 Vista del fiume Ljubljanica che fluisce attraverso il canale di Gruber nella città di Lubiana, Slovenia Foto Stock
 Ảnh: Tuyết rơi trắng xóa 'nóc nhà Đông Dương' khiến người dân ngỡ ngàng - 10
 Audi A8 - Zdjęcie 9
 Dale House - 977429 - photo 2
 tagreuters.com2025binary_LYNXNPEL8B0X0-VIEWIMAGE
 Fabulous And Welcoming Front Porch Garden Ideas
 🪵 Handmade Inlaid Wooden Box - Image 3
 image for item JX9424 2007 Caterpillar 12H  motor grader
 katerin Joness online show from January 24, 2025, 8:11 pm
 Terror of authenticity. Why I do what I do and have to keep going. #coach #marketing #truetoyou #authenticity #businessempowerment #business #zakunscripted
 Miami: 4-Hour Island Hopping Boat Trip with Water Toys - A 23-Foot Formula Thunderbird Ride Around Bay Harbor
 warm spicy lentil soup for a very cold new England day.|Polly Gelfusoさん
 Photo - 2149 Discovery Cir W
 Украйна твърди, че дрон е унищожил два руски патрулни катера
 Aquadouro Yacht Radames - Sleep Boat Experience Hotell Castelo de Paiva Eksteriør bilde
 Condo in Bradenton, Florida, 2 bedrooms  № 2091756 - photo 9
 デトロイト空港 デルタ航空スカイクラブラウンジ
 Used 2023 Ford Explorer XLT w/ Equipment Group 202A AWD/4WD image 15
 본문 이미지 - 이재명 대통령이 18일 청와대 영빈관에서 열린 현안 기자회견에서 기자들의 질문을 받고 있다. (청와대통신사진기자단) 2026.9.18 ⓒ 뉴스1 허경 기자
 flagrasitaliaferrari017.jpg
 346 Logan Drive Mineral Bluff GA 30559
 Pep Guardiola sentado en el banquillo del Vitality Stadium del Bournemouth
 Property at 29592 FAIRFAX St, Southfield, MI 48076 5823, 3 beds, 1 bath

※

▶ _Requirement_: Transcribe exactly, and only, the lines that extend from the one containing "Terror of authenticity." to the end of the records above, inclusive of both.

▶ _Response to the exercise_:
 Terror of authenticity. Why I do what I do and have to keep going. #coach #marketing #truetoyou #authenticity #businessempowerment #business #zakunscripted
 Miami: 4-Hour Island Hopping Boat Trip with Water Toys - A 23-Foot Formula Thunderbird Ride Around Bay Harbor
 warm spicy lentil soup for a very cold new England day.|Polly Gelfusoさん
 Photo - 2149 Discovery Cir W
 Украйна твърди, че дрон е унищожил два руски патрулни катера
 Aquadouro Yacht Radames - Sleep Boat Experience Hotell Castelo de Paiva Eksteriør bilde
 Condo in Bradenton, Florida, 2 bedrooms  № 2091756 - photo 9
 デトロイト空港 デルタ航空スカイクラブラウンジ
 Used 2023 Ford Explorer XLT w/ Equipment Group 202A AWD/4WD image 15
 본문 이미지 - 이재명 대통령이 18일 청와대 영빈관에서 열린 현안 기자회견에서 기자들의 질문을 받고 있다. (청와대통신사진기자단) 2026.9.18 ⓒ 뉴스1 허경 기자
 flagrasitaliaferrari017.jpg
 346 Logan Drive Mineral Bluff GA 30559
 Pep Guardiola sentado en el banquillo del Vitality Stadium del Bournemouth
 Property at 29592 FAIRFAX St, Southfield, MI 48076 5823, 3 beds, 1 bath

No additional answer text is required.